April Cottage The Gardens

WRENN ID
narrow-loft-ivy
Grade
II
Local Planning Authority
East Devon
Country
England
Date first listed
10 February 1987
Type
Cottage, house
Source
Historic England listing

Description

April Cottage and The Gardens are two cottages, originally a single house, dating to the late 15th and early 16th centuries. The building underwent alterations in the later 16th and 17th centuries and was subdivided and modernised around 1970. The construction is primarily of plastered cob on stone rubble footings, with stone rubble or cob stacks topped with 19th and 20th-century brick. The roof is thatched, with pantile coverings on the outshots.

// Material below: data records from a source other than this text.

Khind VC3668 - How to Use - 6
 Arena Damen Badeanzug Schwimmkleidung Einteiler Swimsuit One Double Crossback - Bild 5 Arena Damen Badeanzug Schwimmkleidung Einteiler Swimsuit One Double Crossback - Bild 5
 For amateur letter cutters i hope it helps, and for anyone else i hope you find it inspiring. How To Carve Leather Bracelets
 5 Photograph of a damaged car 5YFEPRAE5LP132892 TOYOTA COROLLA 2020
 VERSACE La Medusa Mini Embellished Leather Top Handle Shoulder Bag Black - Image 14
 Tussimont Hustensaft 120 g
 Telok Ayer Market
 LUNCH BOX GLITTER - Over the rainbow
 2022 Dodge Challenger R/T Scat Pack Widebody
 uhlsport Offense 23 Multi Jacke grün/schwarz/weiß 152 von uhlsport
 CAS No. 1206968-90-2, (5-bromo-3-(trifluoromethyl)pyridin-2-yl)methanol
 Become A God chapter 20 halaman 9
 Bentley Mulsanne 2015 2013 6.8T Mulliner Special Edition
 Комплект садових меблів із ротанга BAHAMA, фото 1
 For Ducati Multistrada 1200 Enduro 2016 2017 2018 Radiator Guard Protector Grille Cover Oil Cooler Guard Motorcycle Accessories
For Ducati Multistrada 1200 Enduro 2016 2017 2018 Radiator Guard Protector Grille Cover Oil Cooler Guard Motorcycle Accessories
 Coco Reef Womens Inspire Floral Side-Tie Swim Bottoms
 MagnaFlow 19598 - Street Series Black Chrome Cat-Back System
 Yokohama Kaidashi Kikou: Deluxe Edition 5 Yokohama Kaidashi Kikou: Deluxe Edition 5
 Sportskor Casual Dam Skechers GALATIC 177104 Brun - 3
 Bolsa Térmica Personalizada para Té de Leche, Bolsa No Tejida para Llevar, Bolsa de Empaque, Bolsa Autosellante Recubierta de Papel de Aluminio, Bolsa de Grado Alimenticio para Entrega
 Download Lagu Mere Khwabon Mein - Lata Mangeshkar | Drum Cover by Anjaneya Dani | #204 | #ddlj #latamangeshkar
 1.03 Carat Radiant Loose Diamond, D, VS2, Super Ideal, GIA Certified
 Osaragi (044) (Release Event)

The original house had a three-room-and-through-passage plan, facing south-east, and was set back from Fore Street. The former inner room is at the right (eastern) end, and both the former inner and service end rooms have gable-end stacks. The former hall has a rear lateral stack. The Gardens now occupies the hall and inner room, while April Cottage occupies the former passage and service end room, with the passage screen removed. Both cottages have a similar single-storey, one-room service outshot added to the rear around 1970. The main block is two stories high.

The front elevation has an irregular four-window design featuring 19th and 20th-century replacement casements with leaded diamond panes. April Cottage’s front doorway, formerly the passage entrance, now has a circa 1970 stable-type door with a contemporary hipped thatch hood supported by long, curving timber struts. The Gardens' entrance is to the rear of the right-end wall, with a similar 1970 door and hood. The roof is gable-ended to the left and half-hipped to the right.

The interior of The Gardens was not inspected during the survey, but the interior of April Cottage, which is representative, reveals some fine early carpentry detail. The oldest feature is the roof, which was only partially inspected. A truss in the party wall between the cottages, located above the upper end of the passage, appears to be a jointed cruck structure, with its lower section plastered over. The roof over this end is smoke-blackened, indicating the original house was open to the roof and heated by an open hearth fire, likely divided only by low partitions. The ground-floor fireplace is likely late 16th to early 17th century, constructed from local conglomerate sandstone. It features an oak lintel with an unusually deep stop-chamfered soffit and a side oven lined with late 17th to early 18th-century brick. The fireplace is described as being unusually smart and relatively small for a kitchen fireplace, suggesting it may have been a service end parlour. The cottages are considered attractive and group well with other listed buildings along Otterton Fore Street.